Vincitori e perdenti. “Buoni e cattivi”, come vengono spesso identificati nell’immaginario collettivo. Eppure, come scuola insegna, “La storia la scrive chi vince”, ed ecco che spesso arrivano dagli occhi dei “primi” anche giudizi morali, concezioni e opinioni arrivate sino ai giorni nostri, versioni non sempre corrispondenti alla realtà…soprattutto quando si parla delle epoche più antiche. Basti pensare all’esaltazione di grandi condottieri, politici, sovrani…Ci sono casi, invece, dove neanche il marchio della vittoria e gli elogi giunti ai posteri dagli scritti dei contemporanei riescono a scalfire la sensazione che l’etichetta del successo sia dalle parte sbagliata. E che una grande vittoria sia in realtà una cocente sconfitta per la storia dell’umanità. Basti pensare a Hernàn Cortés e al crollo dell’impero degli aztechi.
La spedizione
Dopo la scoperta del nuovo continente da parte di Cristoforo Colombo si moltiplicarono le spedizioni a caccia di risorse e nuove terre verso l’odierna America. Tra i paesi più coinvolti come noto vi fu la Spagna, che dopo essere sbarcata nello Yucatan, in Messico, ed essere venuti a conoscenza dell’impero azteco, decise di ordinare nuove esplorazioni. Fu il governatore di Cuba Diego Velàzquez de Cuèllar ad ordinare ad Hernàn Cortés, condottiero spagnolo di nobili origini, di partire il 18 Febbraio 1519 con 11 navi e oltre 600 persone tra marinai e soldati, muniti di arme da fuoco verso il Messico. Un’altro successo nel mirino della Spagna conquistatrice
Crudeltà, abilità e fortuna
A rendere possibile il successo contro il temibile e antico impero fu inizialmente l’abilità di Cortés nel riuscire a capire e ad approfittare del poco solido legame tra gli aztechi e le popolazioni indigene. Strinse grazie a degli interpreti alleanza con gli oppositori dell’impero, in particolare i Totonachi, che lo accolsero amichevolmente al suo arrivo e con loro marciò verso la capitale Tenochtitlán. Neanche l’accoglienza amichevole dell’imperatore Moctezuma II riuscì a far desistere il condottiero spagnolo, che nel frattempo per paura di un ripensamento ordinò una strage delle popolazioni indigene.

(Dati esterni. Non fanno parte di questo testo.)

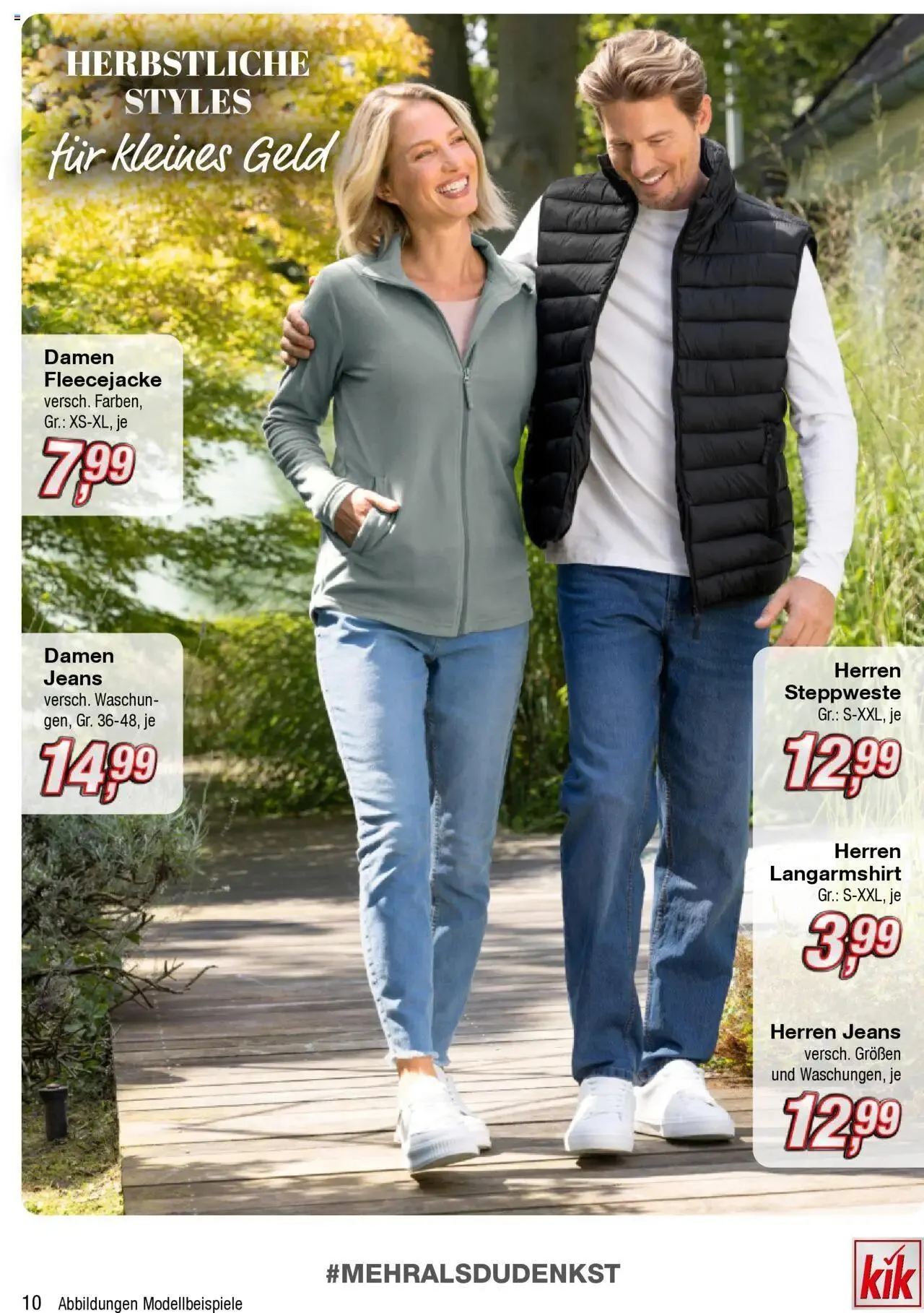 Kik Prospekt aktuell von 16. September bis 31. Dezember 2024 - Flugblätt seite 10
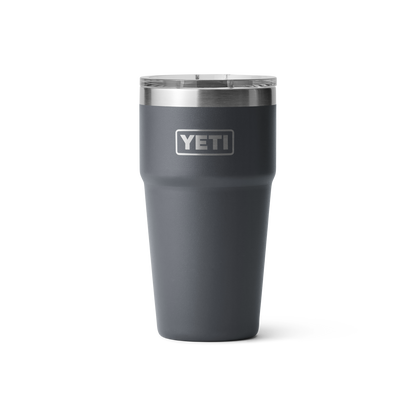 YETI Rambler® Verre empilable de 20 oz (591 ml) Charcoal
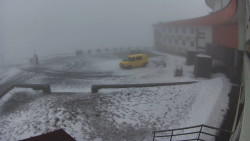 Praděd - Vysílač - Hlavní vchod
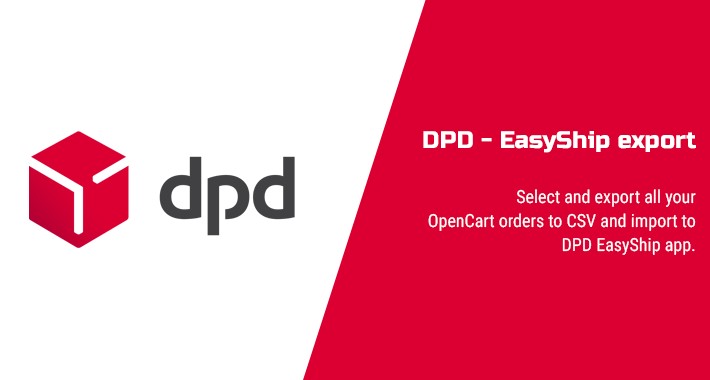 DPD - CSV export for EasyShip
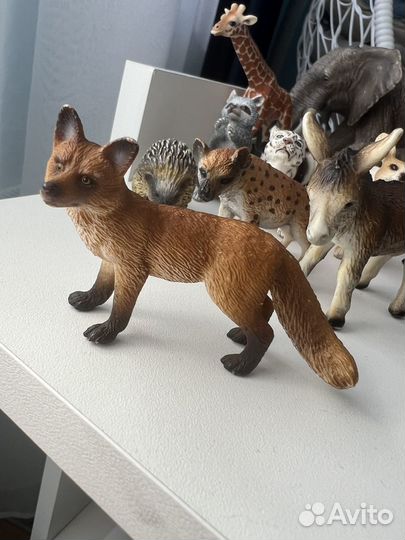 Коллекционные фигурки животных schleich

Arrivato nella capitale, segregò l’imperatore nel suo palazzo, cercando di portare l’impero a convertirsi al cattolicesimo. Una truppa spagnola pronta ad attaccarlo e a prendere il comando della spedizione lo costringono ad abbandonare la città. In sua assenza scoppia il caos: il suo luogotenente sterminò tutta la nobiltà azteca nella Mattanza del Templo Mayor. L’imperatore Moctezuma morì durante una sommossa, e gli spagnoli furono costretti ad abbandonare la città dopo lotte e sommosse che decimarono l’esercito spagnolo.
Cortès non si perse d’animo e dopo un lungo assedio, nell’Agosto del 1521 riconquistò la città, questa volta distruggendola e consegnandola alle fiamme. Distrussero e saccheggiarono templi e palazzi. La popolazione venne ridotta in schiavitù e decimata, ora dalle armi, ora dalle malattie importate dall’Europa come vaiolo e scarlattina. L’ultimo sovrano azteco Cuauhtémoc venne giustiziato, e Tenochtitlán ribattezzata Città del Messico, capitale della Nuova Spagna. Un evento che cambierà la storia dell’umanità e la popolazione e cultura di quei territori per sempre.
Vittoria?
Una vittoria per la Spagna, una impresa per Cortés. Per l’umanità? Una sconfitta. Secoli di cultura, un popolo intero, gli aztechi, sterminato, usi e costumi dilaniati e cancellati in nome del potere. Ecco il paradosso di Cortés e della Spagna conquistatrice. Vincenti sui libri, sconfitti ai posteri.